Comparing Kant and post-modern science

Emma Young
2 min readOct 21, 2016

--

“However, all such attempts to arrive at such a science with thoroughness encounter considerable difficulties that are inherent to human nature itself.”

In “Anthropology from a Pragmatic Point of View” from 1785 Kant lays out his view on the inquiry into human nature. Could this be scientifically described? Apart from certain qualities of human beings proving to be in themselves difficult to research, it is also Kant’s conception of science that has high demands for what may be counted as scientific knowledge. I will compare these to a post-modern conception of science and from there examine if the original problems for Kant are still relevant.
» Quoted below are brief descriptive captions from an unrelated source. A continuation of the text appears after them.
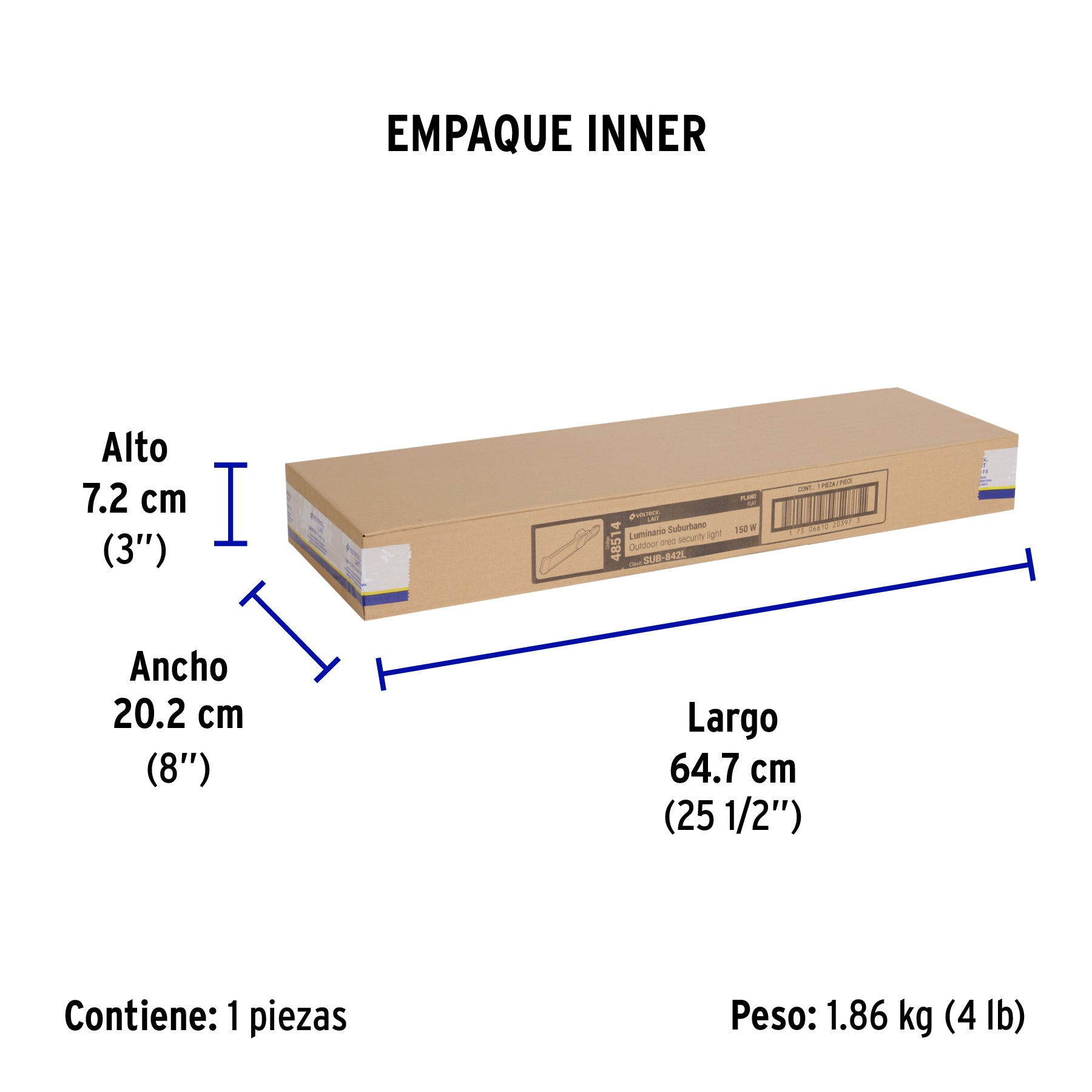 Luminario suburbano plano de LED 150 W alta intensidad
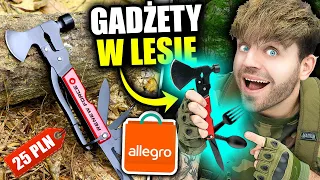 Najlepsze SURVIVALOWE GADŻETY z Allegro! *24h w lesie*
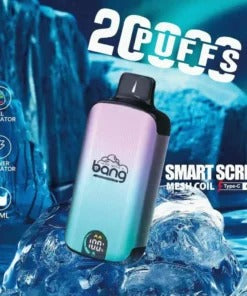 Bang 20000 Puffs LED Display Disposable Vape Bang King Double Crystal 20000 Puffs Vape 20K Disposable Vape Pen E Cigarette Prefilled-650mAh Battery, 25ml E-liquid, Multiple Nicotine 12 Flavors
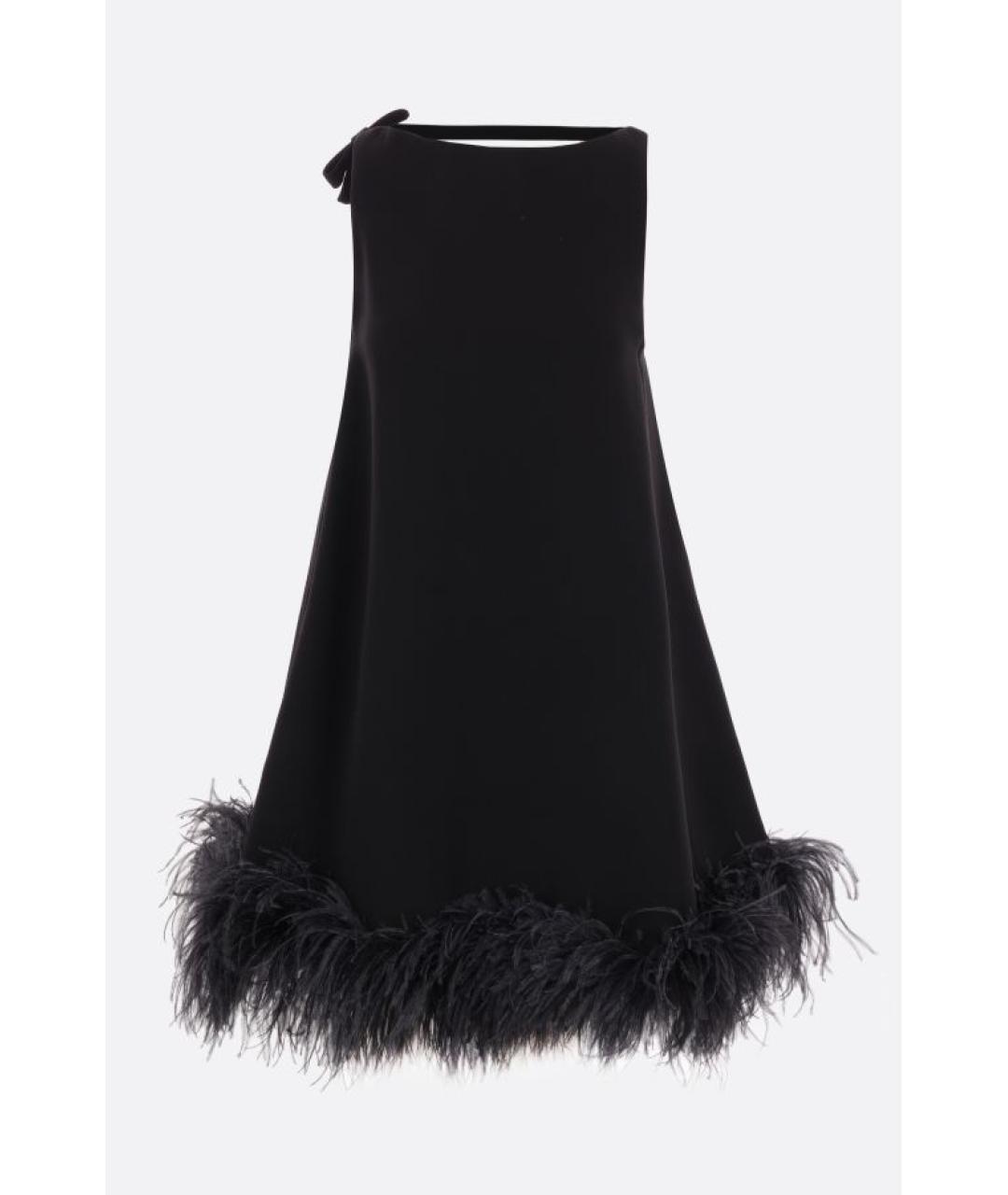 VALENTINO Черное вискозное вечернее платье, фото 7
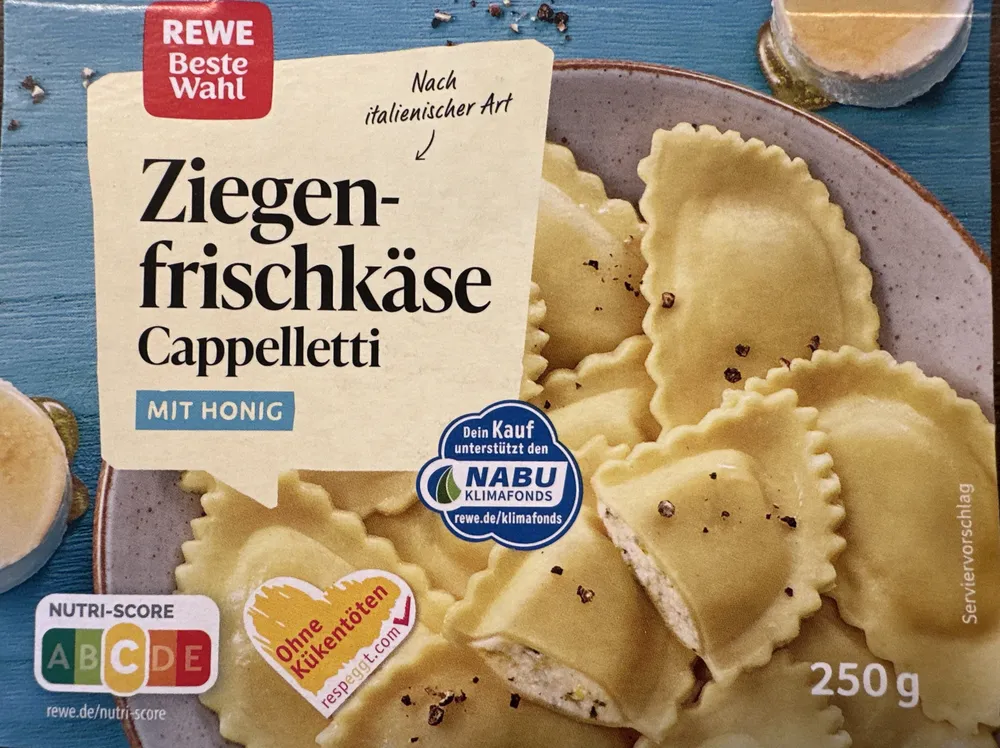 Ziegenfrischkäse Cappelletti
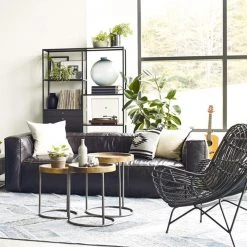 Four Hands Molita Reverse Stitch Sofa FURNITURE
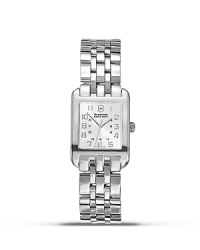 The Rectangular Alliance weaves a treasured style together with modern details. Analog quartz movement and an anti-reflective sapphire crystal. The Rectangular Alliance weaves a treasured style together with modern details. Analog quartz movement and an anti-reflective sapphire crystal.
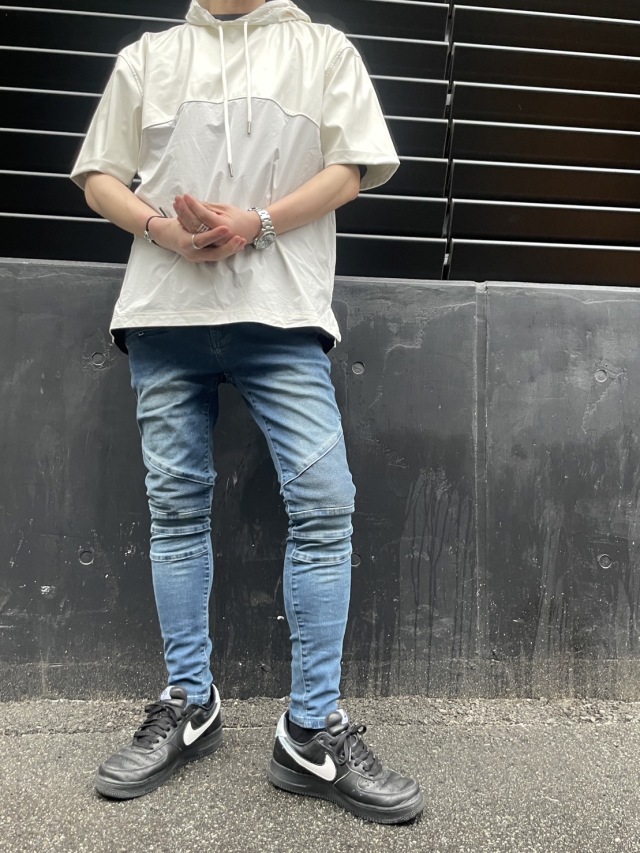 COOKJEANS クックジーンズ デニムバイカー パンツ(unisex/ユニ
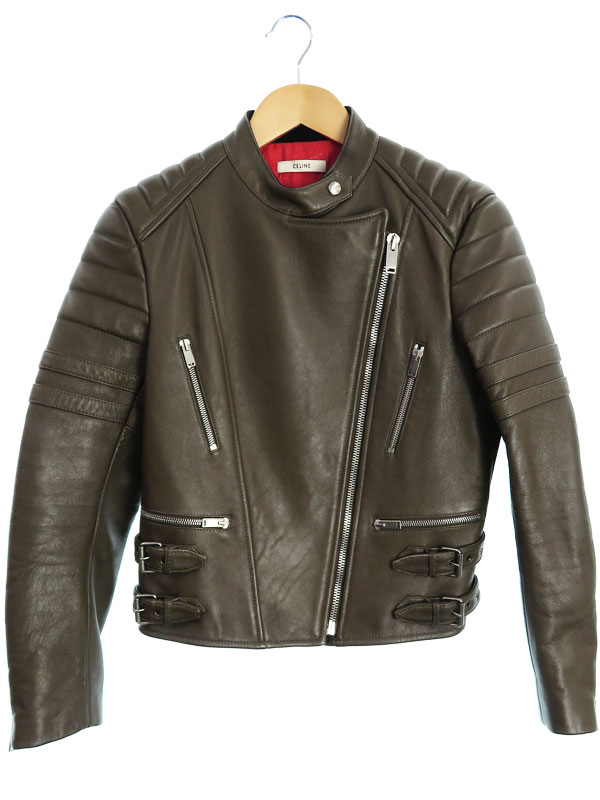 CELINE】【バイカージャケット】【イタリア製】セリーヌ『レザー
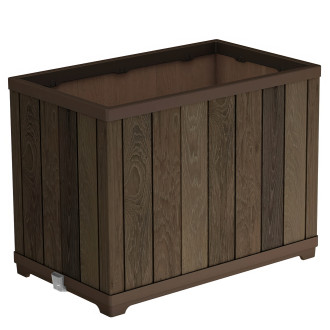 Obdélníkový vysoký květináč Deco 45,5 x 76 x 55 cm Keter ořech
The high demands that Kant puts on scientific knowledge are:

  1. use a systematic method of ordening
  2. it must be based on rational principles
  3. it must be a priori knowable with certainty

For something to be a priori knowledge with absolute certainty is an extremely high demand for knowledge, and is definitely not applicable to human behaviour. Cultural and habit-based behaviour gets in the way of “actually natural” behaviour, and the study of emotions becomes impossible from an objective or rational viewpoint as anobserver cannot be objective when feeling the emotions they want to analyse. It appears that Kant strives for purely rational and objective knowledge, and this is difficult to acquire concerning human nature, as he has made a distinction between fysiological and pragmatic anthropology, and is studying the latter. This leads us to the prediction that anthropology cannot be classified as a strict science.

In a post-modernist sense however, the qualities of human behaviour might not pose as a problem for the categorization as science. In the science wars of the nineties a post-modernist movement critized realist scientists in a Kuhnian tradition. They claimed that science cannot be as objective as it aims to be, as the social and cultural influences are greater than they might seem. Relativists claim that there is no objective measurement for rationality, and post-modernists claim that scientific theories are social constructs.

These perspectives for one accept cultural and habit-based behaviour as natural to human beings, and as such might not dismiss this as non-scientific. Also accepting that scientists never have an objective viewpoint on what they are observing makes that research into emotions will be possible. Subjective data will still be data. Lastly Kant mentions “the Hawthorne effect” when trying to observe people: they will start acting differently when they know they are observed. This might still pose a theoretical problem for science in theory, if we in modern times did not possess many unseen ways of observing other unkowning people.